When buying life insurance, review your current standing in life. For instance, if you are retired or close to retiring, how would the income of your spouse change if you died or how would it affect you if he or she died? If you have access to retirement savings or most of a pension fund, you may not need to buy life insurance.

An examination of your tax situation is helpful too. A long time ago, insurance policies were carried to ensure that the estate taxes on a property would not force the sale of assets or a home. However, today, higher thresholds prevail. As a result, few people need to buy insurance in order to pay an estate tax bill.

Making a Calculation

Once you have some idea about what you would be replacing, calculate the amount. How much would you need to provide for your family if you died? Next, tally how much it would take, if invested conservatively, to generate an annual amount without touching the principal. Calculate the interest at around 5% per year.

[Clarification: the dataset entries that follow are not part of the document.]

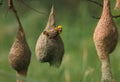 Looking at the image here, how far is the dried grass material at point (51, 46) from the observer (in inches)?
79.7

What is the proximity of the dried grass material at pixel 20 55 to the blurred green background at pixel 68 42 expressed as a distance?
98cm

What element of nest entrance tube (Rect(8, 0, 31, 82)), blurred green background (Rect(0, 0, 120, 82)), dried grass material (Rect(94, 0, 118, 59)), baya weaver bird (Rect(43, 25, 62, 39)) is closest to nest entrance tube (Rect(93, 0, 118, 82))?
dried grass material (Rect(94, 0, 118, 59))

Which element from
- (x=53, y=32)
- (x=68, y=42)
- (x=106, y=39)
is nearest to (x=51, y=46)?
(x=53, y=32)

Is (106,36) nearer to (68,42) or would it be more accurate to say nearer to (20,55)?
(20,55)

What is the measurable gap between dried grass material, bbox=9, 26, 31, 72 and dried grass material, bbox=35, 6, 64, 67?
44 millimetres

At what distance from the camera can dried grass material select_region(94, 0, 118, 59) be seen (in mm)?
1901

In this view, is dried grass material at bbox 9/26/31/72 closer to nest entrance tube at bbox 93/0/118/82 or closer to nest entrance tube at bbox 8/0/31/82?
nest entrance tube at bbox 8/0/31/82

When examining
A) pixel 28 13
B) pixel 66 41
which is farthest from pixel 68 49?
pixel 28 13

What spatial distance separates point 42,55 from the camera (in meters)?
2.04

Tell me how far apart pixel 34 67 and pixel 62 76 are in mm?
1256

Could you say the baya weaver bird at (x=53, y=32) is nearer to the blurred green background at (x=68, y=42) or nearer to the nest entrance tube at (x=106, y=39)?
the nest entrance tube at (x=106, y=39)

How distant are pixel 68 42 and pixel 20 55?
13.8ft

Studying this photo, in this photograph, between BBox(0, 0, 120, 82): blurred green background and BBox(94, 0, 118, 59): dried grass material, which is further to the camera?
BBox(0, 0, 120, 82): blurred green background

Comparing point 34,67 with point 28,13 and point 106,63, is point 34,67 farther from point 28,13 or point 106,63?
point 106,63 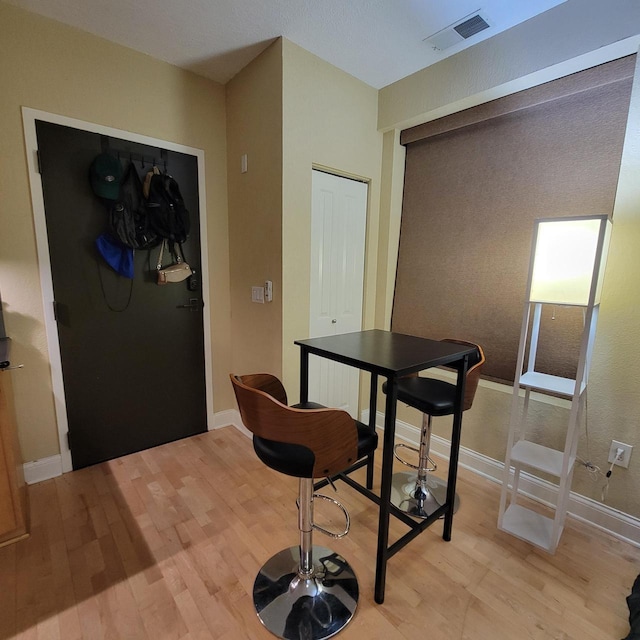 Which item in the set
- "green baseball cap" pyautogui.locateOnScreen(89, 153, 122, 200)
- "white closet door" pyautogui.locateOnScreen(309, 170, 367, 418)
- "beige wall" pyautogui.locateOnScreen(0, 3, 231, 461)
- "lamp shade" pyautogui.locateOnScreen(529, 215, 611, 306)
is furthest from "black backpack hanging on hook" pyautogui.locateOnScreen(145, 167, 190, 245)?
"lamp shade" pyautogui.locateOnScreen(529, 215, 611, 306)

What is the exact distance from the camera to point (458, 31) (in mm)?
1898

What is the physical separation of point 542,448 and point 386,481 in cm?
107

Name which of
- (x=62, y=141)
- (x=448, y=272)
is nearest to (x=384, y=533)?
(x=448, y=272)

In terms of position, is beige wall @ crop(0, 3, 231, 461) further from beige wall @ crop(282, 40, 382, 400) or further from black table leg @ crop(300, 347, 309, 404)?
black table leg @ crop(300, 347, 309, 404)

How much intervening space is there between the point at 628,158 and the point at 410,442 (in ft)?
7.21

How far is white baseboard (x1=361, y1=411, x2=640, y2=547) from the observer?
175cm

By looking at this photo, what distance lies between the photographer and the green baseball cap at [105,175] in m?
2.06

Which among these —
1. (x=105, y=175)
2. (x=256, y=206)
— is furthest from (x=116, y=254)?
(x=256, y=206)

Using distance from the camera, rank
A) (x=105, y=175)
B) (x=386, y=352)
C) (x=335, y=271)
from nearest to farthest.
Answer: (x=386, y=352), (x=105, y=175), (x=335, y=271)

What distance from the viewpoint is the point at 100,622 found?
1.30m

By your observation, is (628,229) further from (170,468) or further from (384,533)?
(170,468)

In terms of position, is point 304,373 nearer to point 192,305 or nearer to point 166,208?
point 192,305

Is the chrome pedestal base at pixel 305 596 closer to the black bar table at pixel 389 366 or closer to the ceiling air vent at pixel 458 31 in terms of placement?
the black bar table at pixel 389 366

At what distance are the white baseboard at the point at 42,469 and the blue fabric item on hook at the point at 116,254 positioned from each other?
4.16 feet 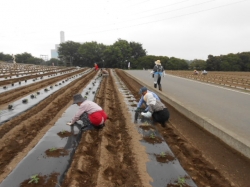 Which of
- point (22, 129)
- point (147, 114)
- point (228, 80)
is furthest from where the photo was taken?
point (228, 80)

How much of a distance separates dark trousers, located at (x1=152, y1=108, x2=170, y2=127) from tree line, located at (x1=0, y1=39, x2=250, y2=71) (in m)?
52.1

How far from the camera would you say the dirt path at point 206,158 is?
11.7ft

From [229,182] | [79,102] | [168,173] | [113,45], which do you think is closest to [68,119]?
[79,102]

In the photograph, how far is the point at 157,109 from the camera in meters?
6.07

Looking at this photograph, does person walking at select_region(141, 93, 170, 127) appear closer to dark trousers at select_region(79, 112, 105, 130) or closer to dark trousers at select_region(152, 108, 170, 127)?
dark trousers at select_region(152, 108, 170, 127)

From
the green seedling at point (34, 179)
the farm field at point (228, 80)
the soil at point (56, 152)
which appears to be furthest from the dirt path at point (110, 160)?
the farm field at point (228, 80)

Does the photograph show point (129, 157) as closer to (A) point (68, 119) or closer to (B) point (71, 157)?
(B) point (71, 157)

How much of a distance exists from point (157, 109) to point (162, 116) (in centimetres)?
26

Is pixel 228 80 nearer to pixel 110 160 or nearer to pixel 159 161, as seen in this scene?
pixel 159 161

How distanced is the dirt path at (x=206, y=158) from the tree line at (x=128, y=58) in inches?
2069

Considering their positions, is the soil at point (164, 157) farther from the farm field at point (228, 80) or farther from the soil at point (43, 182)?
the farm field at point (228, 80)

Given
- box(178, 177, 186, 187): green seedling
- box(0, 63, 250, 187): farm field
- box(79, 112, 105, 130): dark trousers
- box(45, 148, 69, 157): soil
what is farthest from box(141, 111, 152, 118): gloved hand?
box(178, 177, 186, 187): green seedling

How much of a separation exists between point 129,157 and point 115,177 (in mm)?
804

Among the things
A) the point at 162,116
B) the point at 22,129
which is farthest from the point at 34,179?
the point at 162,116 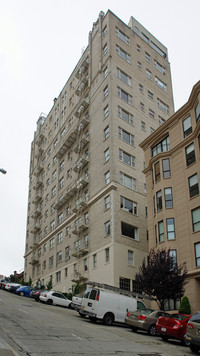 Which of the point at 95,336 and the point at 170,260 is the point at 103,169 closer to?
the point at 170,260

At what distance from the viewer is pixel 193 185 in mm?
31297

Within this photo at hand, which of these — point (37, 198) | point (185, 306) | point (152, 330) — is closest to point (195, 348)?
point (152, 330)

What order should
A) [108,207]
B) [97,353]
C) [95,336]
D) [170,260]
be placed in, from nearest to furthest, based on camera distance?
[97,353] < [95,336] < [170,260] < [108,207]

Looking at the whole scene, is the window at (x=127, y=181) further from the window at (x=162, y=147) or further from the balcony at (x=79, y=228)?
the balcony at (x=79, y=228)

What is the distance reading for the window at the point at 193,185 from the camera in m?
30.8

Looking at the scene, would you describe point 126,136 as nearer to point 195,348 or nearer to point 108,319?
point 108,319

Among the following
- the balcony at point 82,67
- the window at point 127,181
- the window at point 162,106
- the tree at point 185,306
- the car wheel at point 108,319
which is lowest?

For example, suppose you want to pay off personal loans totaling $200,000 and leave the same amount to put your child through college. If so, you need to purchase a plan with a face value of $1.4 million. If you wish to substitute an income of $100,000 annually, you will need to obtain a $2 million policy. It takes $2 million to generate $100,000 at a 5% annual interest rate.

Be Absolutely Truthful

When you consider how much insurance you need to buy, make sure you purchase what you actually need to provide for your family. You don’t want to over-buy or under-buy insurance. Try to calculate the amount so it comes as close as possible to what your family will require. Make sure all your statements and information on your application are truthful as well. Any false or misleading information can instantly void the terms of a policy.

Whether you are a young parent who wants to buy a term insurance plan or a middle-aged purchaser who wants to obtain a whole life insurance policy, you can ensure your family’s financial security by purchasing one or either of these kinds of plans.